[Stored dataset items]
⁂

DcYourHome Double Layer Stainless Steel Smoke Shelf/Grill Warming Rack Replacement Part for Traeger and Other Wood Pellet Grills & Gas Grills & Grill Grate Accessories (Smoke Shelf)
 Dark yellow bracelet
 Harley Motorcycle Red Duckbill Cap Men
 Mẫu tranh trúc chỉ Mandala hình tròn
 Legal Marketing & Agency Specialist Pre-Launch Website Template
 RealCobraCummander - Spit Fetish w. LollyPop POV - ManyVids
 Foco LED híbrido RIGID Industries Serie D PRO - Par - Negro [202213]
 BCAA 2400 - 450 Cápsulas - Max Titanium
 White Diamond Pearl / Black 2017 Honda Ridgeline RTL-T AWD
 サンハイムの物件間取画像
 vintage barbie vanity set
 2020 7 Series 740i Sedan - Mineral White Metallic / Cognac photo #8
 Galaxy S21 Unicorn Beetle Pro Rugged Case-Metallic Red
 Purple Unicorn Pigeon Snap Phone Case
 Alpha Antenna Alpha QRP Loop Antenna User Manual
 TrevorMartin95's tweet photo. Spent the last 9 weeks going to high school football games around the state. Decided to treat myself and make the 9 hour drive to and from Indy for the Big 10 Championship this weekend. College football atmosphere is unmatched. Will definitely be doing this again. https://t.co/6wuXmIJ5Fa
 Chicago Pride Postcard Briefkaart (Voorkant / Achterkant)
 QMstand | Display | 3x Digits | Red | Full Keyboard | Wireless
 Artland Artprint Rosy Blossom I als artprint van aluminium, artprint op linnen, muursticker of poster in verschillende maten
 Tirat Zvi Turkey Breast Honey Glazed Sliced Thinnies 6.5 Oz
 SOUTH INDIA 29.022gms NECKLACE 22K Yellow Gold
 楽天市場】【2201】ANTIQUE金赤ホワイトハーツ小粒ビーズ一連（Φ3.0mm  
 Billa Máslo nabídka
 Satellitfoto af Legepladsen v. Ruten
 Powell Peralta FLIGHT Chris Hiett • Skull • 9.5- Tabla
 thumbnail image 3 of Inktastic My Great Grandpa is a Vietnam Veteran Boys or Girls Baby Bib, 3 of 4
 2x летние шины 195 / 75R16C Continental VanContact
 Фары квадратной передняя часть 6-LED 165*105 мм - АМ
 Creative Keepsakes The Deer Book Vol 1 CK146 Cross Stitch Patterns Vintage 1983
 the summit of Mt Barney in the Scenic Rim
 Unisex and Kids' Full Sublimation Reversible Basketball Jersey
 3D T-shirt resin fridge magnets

⁂

Problem details -> Whatever lines appear above, reproduce every one of them exactly.

Task output ->
DcYourHome Double Layer Stainless Steel Smoke Shelf/Grill Warming Rack Replacement Part for Traeger and Other Wood Pellet Grills & Gas Grills & Grill Grate Accessories (Smoke Shelf)
 Dark yellow bracelet
 Harley Motorcycle Red Duckbill Cap Men
 Mẫu tranh trúc chỉ Mandala hình tròn
 Legal Marketing & Agency Specialist Pre-Launch Website Template
 RealCobraCummander - Spit Fetish w. LollyPop POV - ManyVids
 Foco LED híbrido RIGID Industries Serie D PRO - Par - Negro [202213]
 BCAA 2400 - 450 Cápsulas - Max Titanium
 White Diamond Pearl / Black 2017 Honda Ridgeline RTL-T AWD
 サンハイムの物件間取画像
 vintage barbie vanity set
 2020 7 Series 740i Sedan - Mineral White Metallic / Cognac photo #8
 Galaxy S21 Unicorn Beetle Pro Rugged Case-Metallic Red
 Purple Unicorn Pigeon Snap Phone Case
 Alpha Antenna Alpha QRP Loop Antenna User Manual
 TrevorMartin95's tweet photo. Spent the last 9 weeks going to high school football games around the state. Decided to treat myself and make the 9 hour drive to and from Indy for the Big 10 Championship this weekend. College football atmosphere is unmatched. Will definitely be doing this again. https://t.co/6wuXmIJ5Fa
 Chicago Pride Postcard Briefkaart (Voorkant / Achterkant)
 QMstand | Display | 3x Digits | Red | Full Keyboard | Wireless
 Artland Artprint Rosy Blossom I als artprint van aluminium, artprint op linnen, muursticker of poster in verschillende maten
 Tirat Zvi Turkey Breast Honey Glazed Sliced Thinnies 6.5 Oz
 SOUTH INDIA 29.022gms NECKLACE 22K Yellow Gold
 楽天市場】【2201】ANTIQUE金赤ホワイトハーツ小粒ビーズ一連（Φ3.0mm  
 Billa Máslo nabídka
 Satellitfoto af Legepladsen v. Ruten
 Powell Peralta FLIGHT Chris Hiett • Skull • 9.5- Tabla
 thumbnail image 3 of Inktastic My Great Grandpa is a Vietnam Veteran Boys or Girls Baby Bib, 3 of 4
 2x летние шины 195 / 75R16C Continental VanContact
 Фары квадратной передняя часть 6-LED 165*105 мм - АМ
 Creative Keepsakes The Deer Book Vol 1 CK146 Cross Stitch Patterns Vintage 1983
 the summit of Mt Barney in the Scenic Rim
 Unisex and Kids' Full Sublimation Reversible Basketball Jersey
 3D T-shirt resin fridge magnets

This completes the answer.